I did this exercise earlier today but decided after posting that I wasn’t happy with it, as the subjects chosen were too obvious. So I’ve redone it. The original post is still there, in the interests of honesty!
Find four examples of horizontal and four examples of vertical lines. The line should be prominent and ideally be the first thing the viewer would see. Make note of the different ways in which horizontal and vertical lines appear to the eye and the camera.
Canon EOS 650D with EF 18-200mm f/3.5 lens; Leica X1 24mm.

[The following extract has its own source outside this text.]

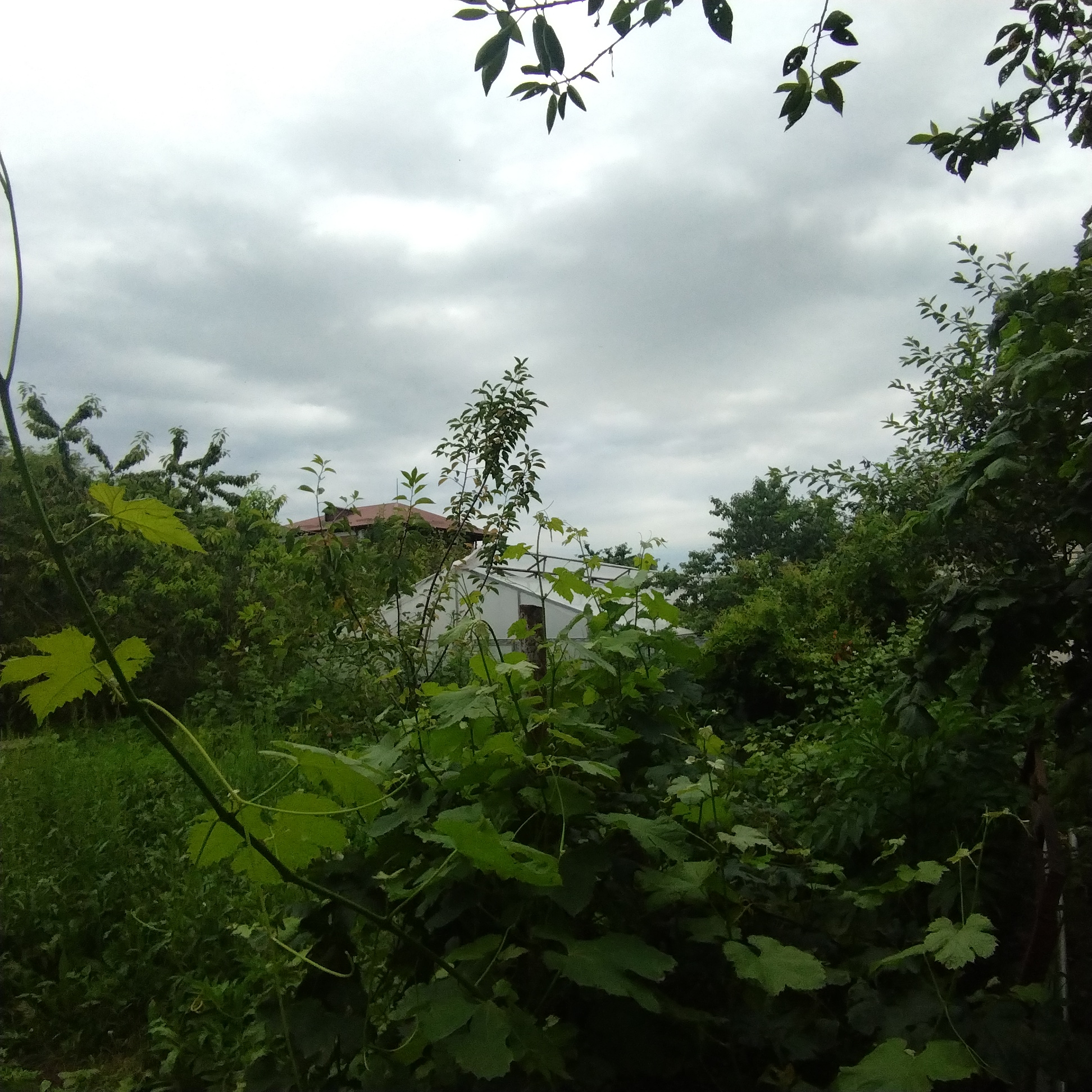 The image depicts an outdoor scene with lush greenery and a cloudy sky. In the foreground, a thick vine with large, light green leaves dominates the left side. Behind the vine, various trees and bushes create a dense wall of foliage. A white greenhouse or similar structure is partially visible through the greenery, with a reddish-brown roof of a house peeking out from behind the trees on the left. The sky is overcast, suggesting a cloudy or possibly rainy day. The overall impression is one of a natural, overgrown garden or rural setting. No people or text are visible. The context of Khankendi, Azerbaijan, suggests a location in the Caucasus region. The time of day is indeterminate due to the overcast sky, but it appears to be daytime. The atmosphere is calm and natural, with a focus on the abundant plant life.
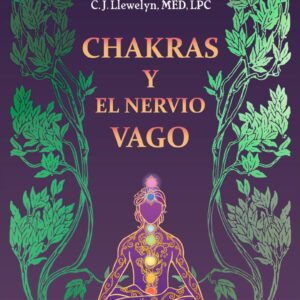 Chakras y el nervio vago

In redoing this exercise I made more of an effort to find horizontal lines that weren’t too literal. I looked for images where the horizontal line was clearly identifiable, but was at least in part brought out by the composition that I chose. Once my eyes were opened to this concept, I did manage to find four examples where the horizontal line is visible.
Now onto the verticals:
Second time around I was looking out for examples where the vertical aspect of the image was clearly evident, without it being simply a photo of a vertical line. I am happier with this second attempt, as these are all photos of something (rather than abstract lines) but the vertical element is clearly identifiable.
What I’ve learned:
The learnings are broadly the same as my first go at this exercise, so I will repeat them here.
I’ve learned that horizontal and vertical lines are everywhere, once you start seeking them out. They aren’t always easy to isolate and make the central element in an image, but when they are, the resultant images can have an appealing simplicity and solidity.
Horizontal line images seem ‘heavier’, more grounded, especially when the line is in the lower portion of the image. They exhibit a stillness that can be quite calming.
Vertical line images also have this static quality to them, but not in exactly the same way. The vertical lines that literally come up out of the ground (the tree, the tower) have an implied solidity to them. I found the vertical images to divide the frame more, as maybe I naturally read images from left to right; the line stops the natural flow of the eye from left to right and marks a transition point in the image.